Proper Password Protection

Feb 15, 2019, 5:23 AM

How do we protect ourselves against hackers and password crackers in the online world? Passwords have always been a bit tricky - typically we have one good one, and then use it everywhere. The problem is that passwords can be leaked or stolen.

Has your password been exposed?

Many huge sites have been hacked - LinkedIn, Sony, the FBI! There is a handy site that will tell you if you have been "pwnd" (the online term for being hacked, a literal miss spelling of "owned")

haveibeenpwned.com

Enter your email address and see if your password is in any number of leaked lists of login details. If it is there, change your password on all important sites immediately.

What is the best password to use?

  • Random characters, a-z A-Z 0-9 !(#*&$
  • long, 12 characters or more
  • impossible to remember!

So obviously the safest passwords are ones that are really hard to remember. Passwords are sort of old and broken, but we still need them for almost all online logins.

The Solution

So what is a good way of protecting yourself from this kind of attack? I would recommend a password manager. I use an open source password manager called keepass. Keepass is good because it is available for most platforms, IOS, android, windows, and linux. 
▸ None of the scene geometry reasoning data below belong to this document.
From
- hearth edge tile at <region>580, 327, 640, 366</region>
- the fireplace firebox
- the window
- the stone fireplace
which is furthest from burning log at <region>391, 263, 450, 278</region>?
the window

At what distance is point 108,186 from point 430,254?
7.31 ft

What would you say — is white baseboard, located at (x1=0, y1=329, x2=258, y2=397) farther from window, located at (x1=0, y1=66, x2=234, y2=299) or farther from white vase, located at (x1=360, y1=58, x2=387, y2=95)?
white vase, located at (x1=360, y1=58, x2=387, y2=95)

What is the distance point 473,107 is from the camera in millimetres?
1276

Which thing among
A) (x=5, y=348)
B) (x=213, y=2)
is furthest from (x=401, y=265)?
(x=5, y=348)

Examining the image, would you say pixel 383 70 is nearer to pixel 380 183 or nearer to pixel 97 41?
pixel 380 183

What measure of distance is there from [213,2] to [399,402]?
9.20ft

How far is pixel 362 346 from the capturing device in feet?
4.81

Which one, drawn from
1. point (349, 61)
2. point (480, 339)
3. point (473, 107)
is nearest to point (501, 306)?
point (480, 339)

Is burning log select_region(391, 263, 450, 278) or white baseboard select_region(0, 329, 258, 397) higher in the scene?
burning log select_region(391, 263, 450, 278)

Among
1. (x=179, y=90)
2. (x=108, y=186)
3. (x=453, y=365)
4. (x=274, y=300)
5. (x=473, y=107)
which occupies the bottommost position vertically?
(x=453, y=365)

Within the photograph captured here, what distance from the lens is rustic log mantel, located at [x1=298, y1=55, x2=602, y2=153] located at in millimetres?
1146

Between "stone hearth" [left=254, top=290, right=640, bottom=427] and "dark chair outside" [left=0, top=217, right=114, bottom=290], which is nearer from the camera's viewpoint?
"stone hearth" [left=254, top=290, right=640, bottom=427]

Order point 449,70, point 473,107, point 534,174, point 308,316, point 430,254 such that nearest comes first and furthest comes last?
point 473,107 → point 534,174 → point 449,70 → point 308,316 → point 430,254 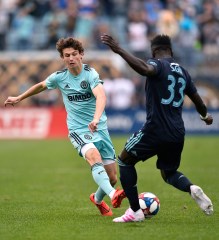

With a password manager you have one super good secure password that you use to store all other passwords. When a website asks you to enter a password, you use keepass to generate a new random secure one for you and save it in there. The keepass manager file is encrypted using your single secure password, and then you can store the keepass file somewhere for safe keeping like dropbox. If dropbox gets hacked, your keepass file is encrypted.

With the keepass file in dropbox, you will have access to your passwords everywhere that you install dropbox with the same level of encrypted security!